The Texture of Night: How Collateral Revolutionized Movies

I still remember the shock of seeing the first trailer for Michael Mann’s 2004 movie “Collateral,” starring Tom Cruise as a hitman named Vincent on assignment in Los Angeles, and Jamie Foxx as Max, the cabdriver that Vincent holds hostage and turns into his personal wheelman. The movie was shot on video, and looked like it. 

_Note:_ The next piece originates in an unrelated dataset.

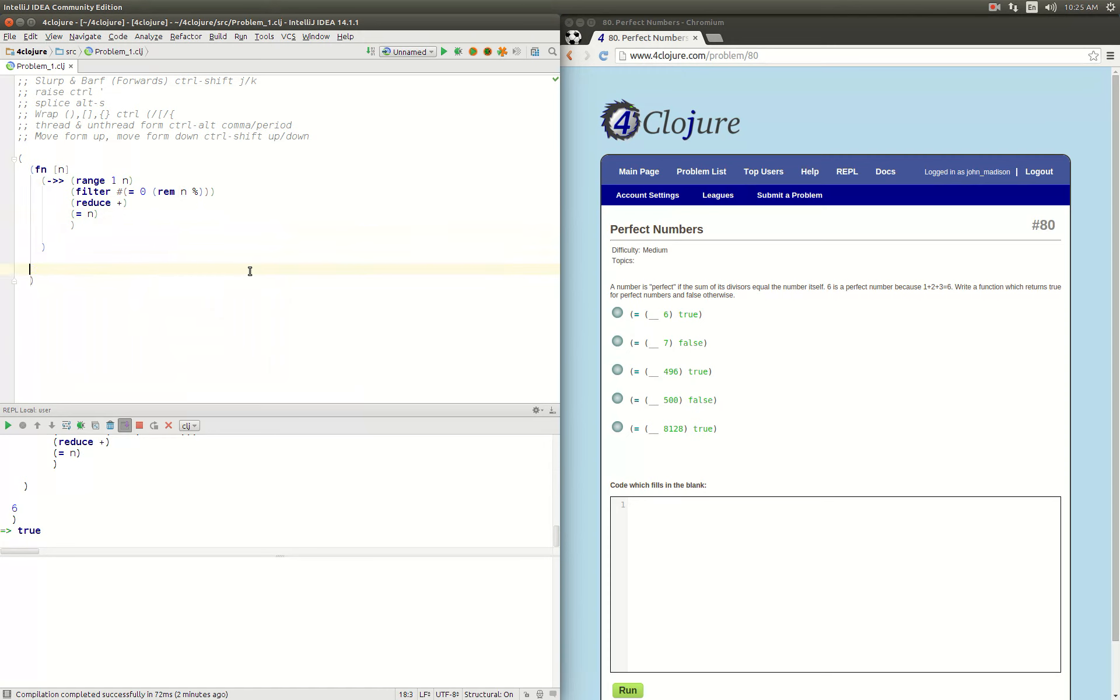If we do 7, false. 496, true. Alright, so that is the right answer.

Mann, who executive produced TV’s “Miami Vice” (1984-89) and had already directed some influential thrillers, including “Thief,” “Manhunter,” and “Heat,” was a master of a modern film noir look. And he excelled at shooting action sequences at night, even bringing a water truck to locations and spraying down the streets to create impressionistic reflections of streetlights. The “Collateral” footage was very grainy compared to Mann’s shot-on-film thrillers, and occasionally had a smeary, somewhat strobe-like effect that was recognizable from my own regular-definition video cameras. The smeariness was especially notable when the camera moved rapidly to follow action. 

Did the look of “Collateral” seem like a step down for Mann, and for movies? I worried about that.  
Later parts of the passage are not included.